BEGIN Records provided

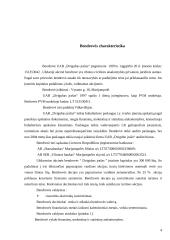 Įmonės veiklos analizė: buhalterinės paslaugos UAB "Dvigubas įrašas" 2 puslapis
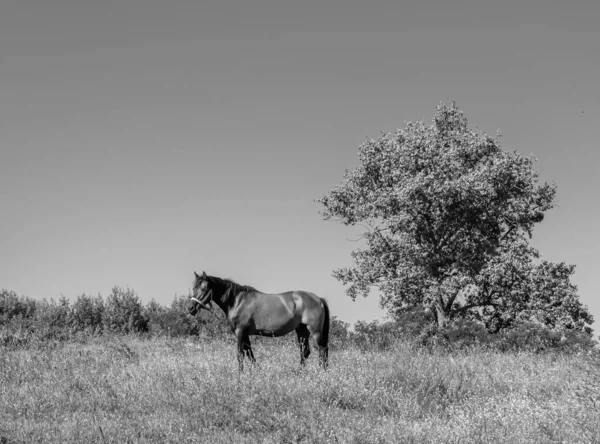 Όμορφο Άγριο Καφέ Άλογο Επιβήτορα Στο Θερινό Λιβάδι Λουλούδι Ιπποειδή — Φωτογραφία Αρχείου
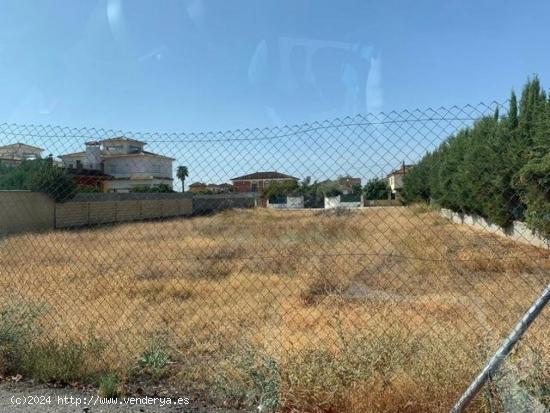  ZONA CORTIJO EL ALCAIDE - Parcela de terreno de 1.500 m2 - CORDOBA 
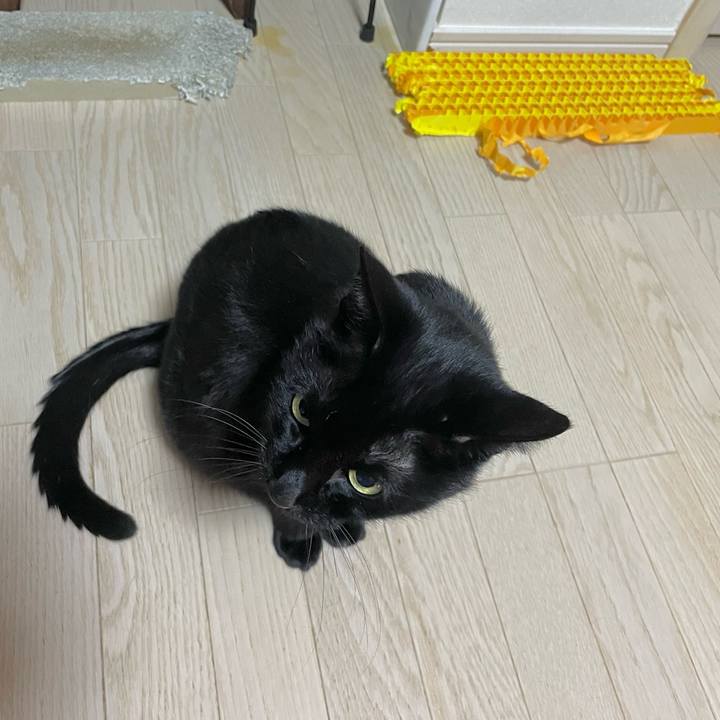 2714db1a d01d 49db b057 957f00f0b951 1737551930328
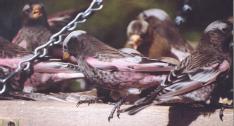 [Black Rosy Finch]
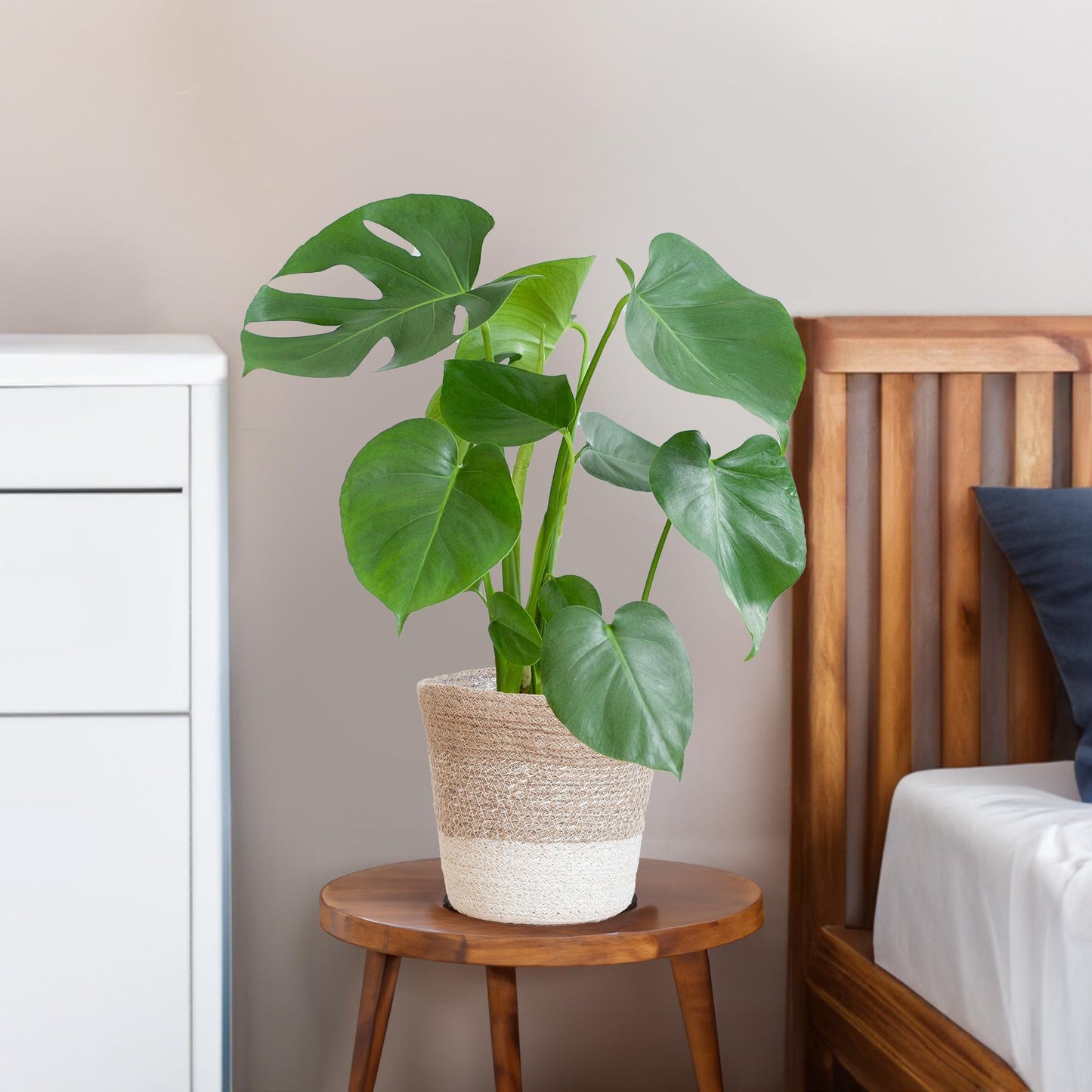 Monstera Deliciosa mit Lissabon Korb weiß- 50cm - Ø17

END Records provided

> _Exercise goal_:
Your task is to retype the lines running from the one that contains "[Black Rosy Finch]" through the end of the records, and nothing else. Pictures are not part of the copy.

> _Written answer_:
 [Black Rosy Finch]
 Monstera Deliciosa mit Lissabon Korb weiß- 50cm - Ø17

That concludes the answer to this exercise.